Work order
From the first line to the last, output the data exactly as it stands, minus its pictures.

Recorded information
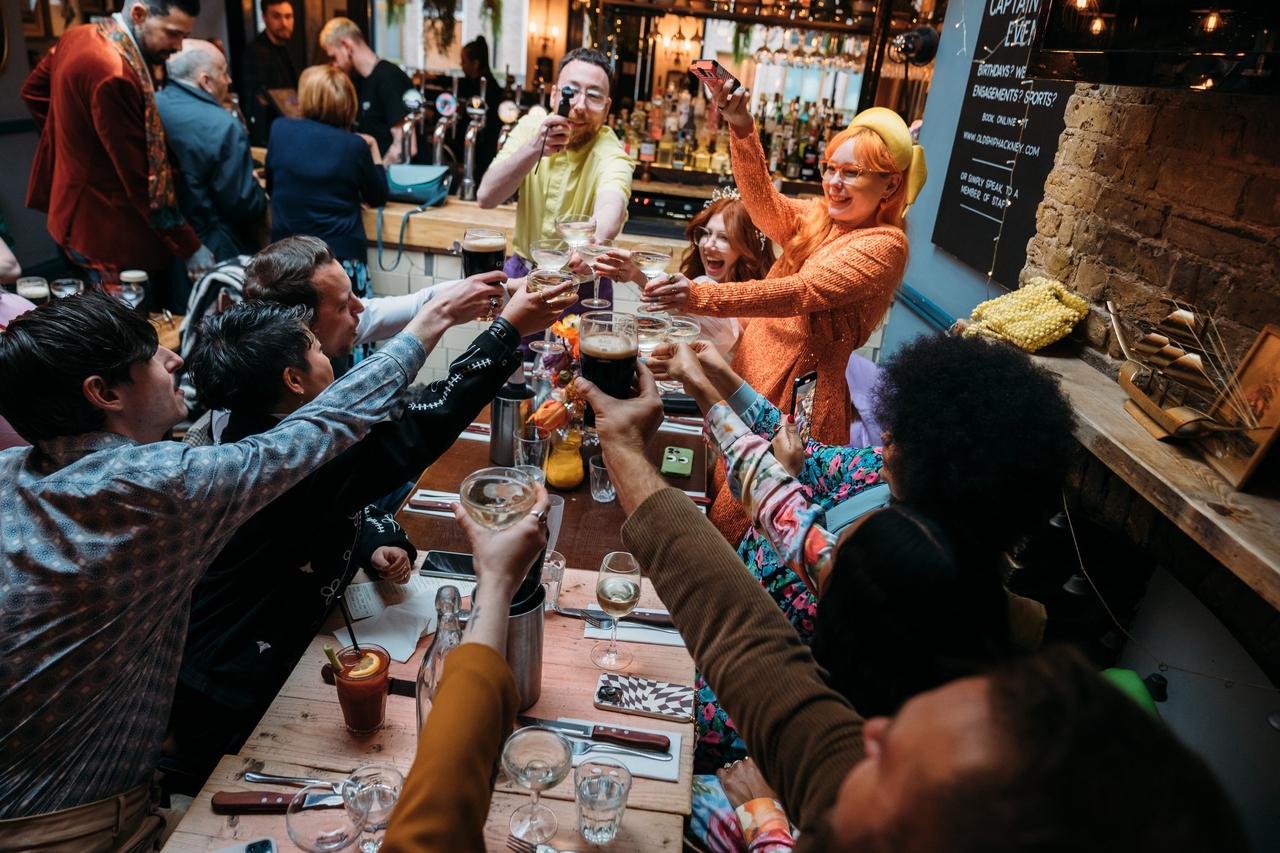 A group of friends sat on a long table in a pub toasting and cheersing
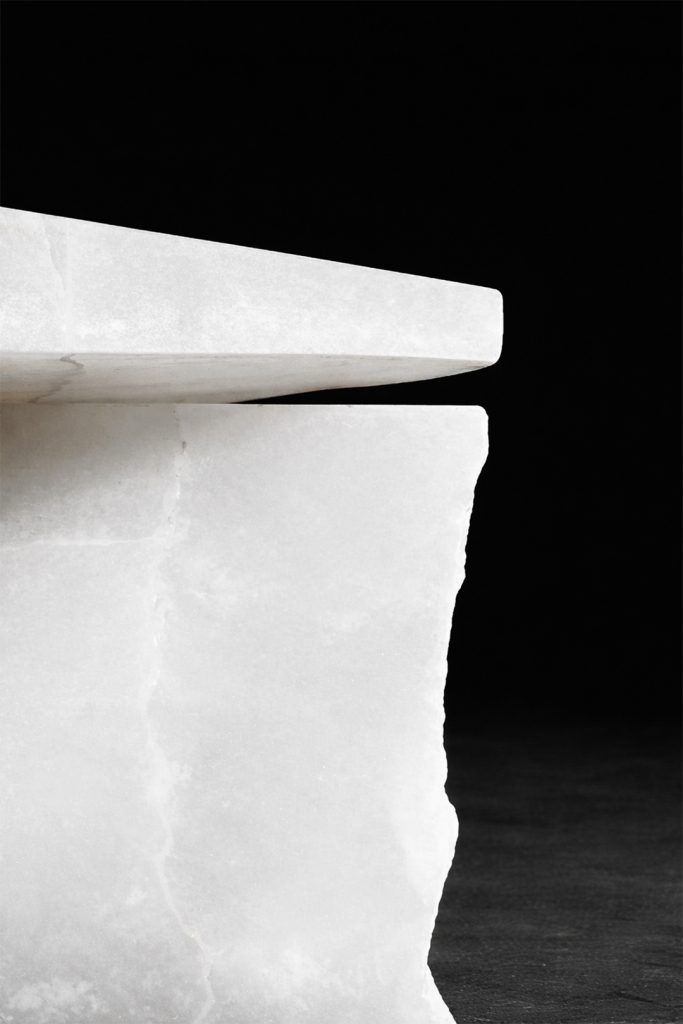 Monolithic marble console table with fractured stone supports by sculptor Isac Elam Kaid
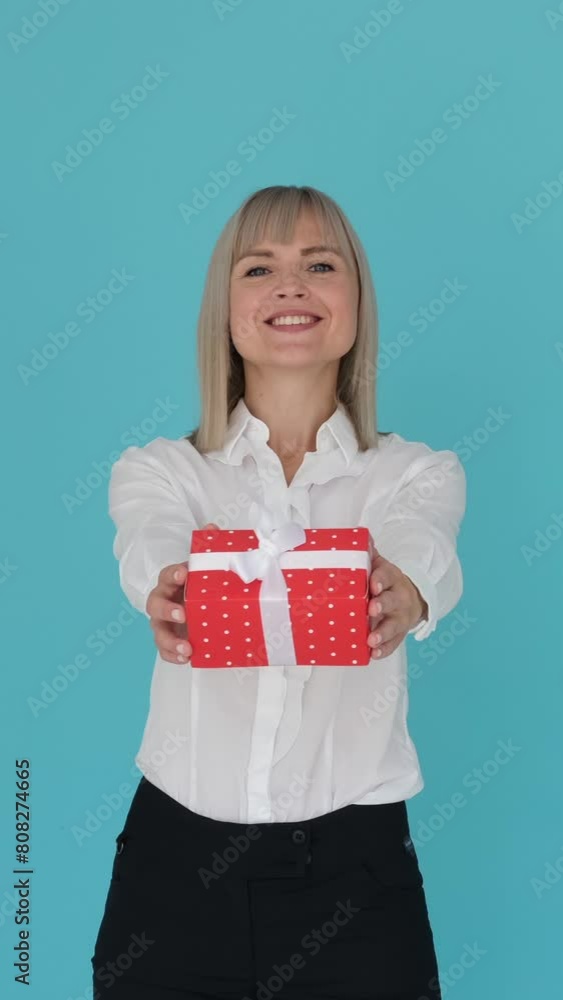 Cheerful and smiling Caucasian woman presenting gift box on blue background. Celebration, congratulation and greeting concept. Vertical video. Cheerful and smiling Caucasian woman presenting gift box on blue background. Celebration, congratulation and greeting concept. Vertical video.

The answer
 A group of friends sat on a long table in a pub toasting and cheersing
 Monolithic marble console table with fractured stone supports by sculptor Isac Elam Kaid
 Cheerful and smiling Caucasian woman presenting gift box on blue background. Celebration, congratulation and greeting concept. Vertical video. Cheerful and smiling Caucasian woman presenting gift box on blue background. Celebration, congratulation and greeting concept. Vertical video.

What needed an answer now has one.